Berlainan dengan politik netral yang dikembangkan penguasa belanda terhadap islam, penguasa jepang berusaha membujuk pemimpin-pemimpin umat agar bekerja sama dengan mereka. Jepang menyebut dirinya sebagai “saudara tua” rakyat Indonesia. Ditempuhnya politik semacam ini terutama bertujuan “untuk memobilisasi seluruh penduduk dalam rangka menyokong tujuan-tujuan perang mereka yang cepat dan mendesak”. Maka dalam konteks sosiopolitik dan miniter inilah kita harus meneropong mengapa pihak fasis jepang membiarkan MIAI hidup buat sementara. Jepang memang benar-benar membutuhkan bantuan umat Islam.

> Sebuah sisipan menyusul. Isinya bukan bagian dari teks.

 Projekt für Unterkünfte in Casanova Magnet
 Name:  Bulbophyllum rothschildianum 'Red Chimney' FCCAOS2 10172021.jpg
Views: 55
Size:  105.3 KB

Sebenarnya baik belanda maupun jepang memang sengaja mengeksploitasi ummat islam untuk kepentingan mereka masing-masing. Tetapi belanda sedikit sekali memberikan kesempatan untuk umat islam untuk bergerak dibidang politik. Ketakutan belanda akan pengaruh gerakan Pan-islam telah mengaburkan visi mereka tentang hubungan politik dan islam.”islam dan Kristen”, tulis Snouck Hugronje tentang ancaman diatas pada tahun 1911, “dapat bertenggang rasa antara satu sama lain dengan  cara baik dalam kehidupan rasional praktis, sepanjang gagasan Pan-islam disingkirkan kepinggir….” Jepang sebaliknya, sekali lagi apapun motifnya, telah membuka pintu lebar-lebar bagi umat islam untuk mengalami dan ikut serta dalam politik kepemerintahan dan latihan-latihan militer.

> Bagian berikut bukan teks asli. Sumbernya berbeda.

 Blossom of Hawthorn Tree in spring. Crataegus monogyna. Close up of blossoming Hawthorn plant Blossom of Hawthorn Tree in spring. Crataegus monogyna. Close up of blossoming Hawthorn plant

Pada bulan mendaratnya, jepang segera menciptakan Shumubu (kantor departemen agama) di ibukota. Pada bulan agustus 1944, dibuka pula cabang-cabangnya, yang dinamakan Shumuka, diseluruh kepulauan Indonesia. Shumubu lebih kurang seperti Office For Native Affairs (kantor urusan pribumi) pada masa colonial belanda, tetapi kemudian berkembang menjadi sebuah kantor yang mengurusi masalah-masalah yang dulunya berada dibawah wewenang departemen dalam negeri, departemen kehakiman dan departemen pendidikan dan upacara keagamaan umum (public workship). Shumubu mula-mula dikepalai oleh kolonil horie, seorang jepang, kemudian digantikan oleh Prof husen Djajadiningrat, dan selanjutnya oleh K.H Hasjim asj’ari, tokoh ulama’ terkenal dari jombang, jawa timur. Menurut Nouruzzaman, pengangkatan K.H Hasyim Asy’ari hanyalah sebagai symbol saja dalam rangka meminjam pengaruh wibawanya, sedangkan yang menjalankan adalah K.H.A. Wachid Hasyim, anaknya.

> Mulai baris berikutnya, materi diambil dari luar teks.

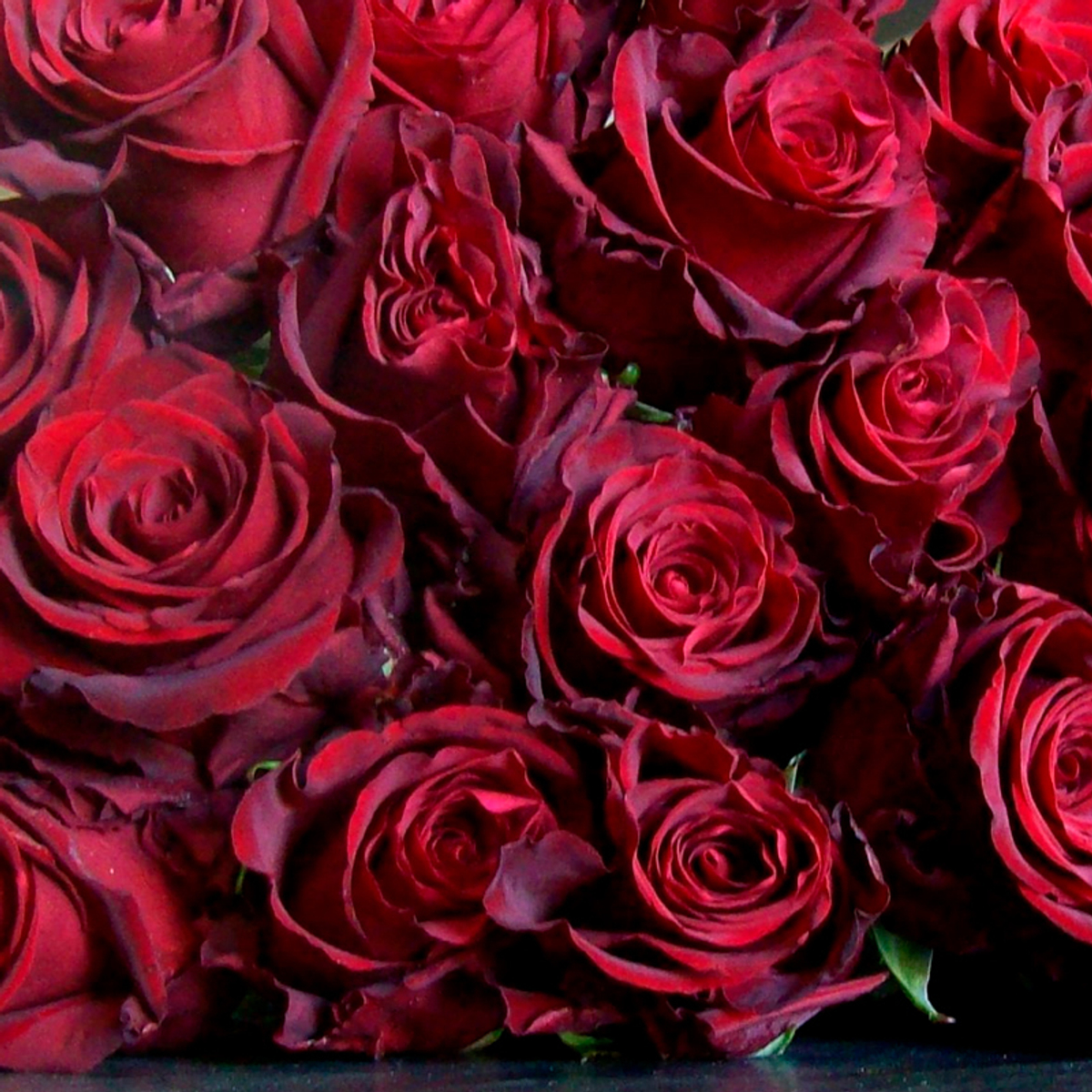 Ловец сердец — букет классических красных роз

Keuntungan lain yang diperoleh umat islam pada masa pendudukan jepang yaitu dibentuknya pasukan hisbullah, semacam unit militer bagi pemuda islam, di akhir tahun 1944. Menurut K.H. Masjkur, hisbullah mula-mula berasal dari kalangan NU, tapi kemudian menjadi milik umat secara keseluruhan. Slah satu slogan yang sangat meresap dikalangan pemuda islam pada waktu itu adalah : Hidup mulia atau mati syahid. Pemuda islam mengibarkan slogan ini adalah dalam rangka memupuk semangat melawan tentara asing. Disamping pasukan hisbullah, semaca organisasi militer bagi ulama. Dalam prakteknya, menurut masjkur, sabilillah bertindak sebagai induk atau pengayom bagi hisbullah.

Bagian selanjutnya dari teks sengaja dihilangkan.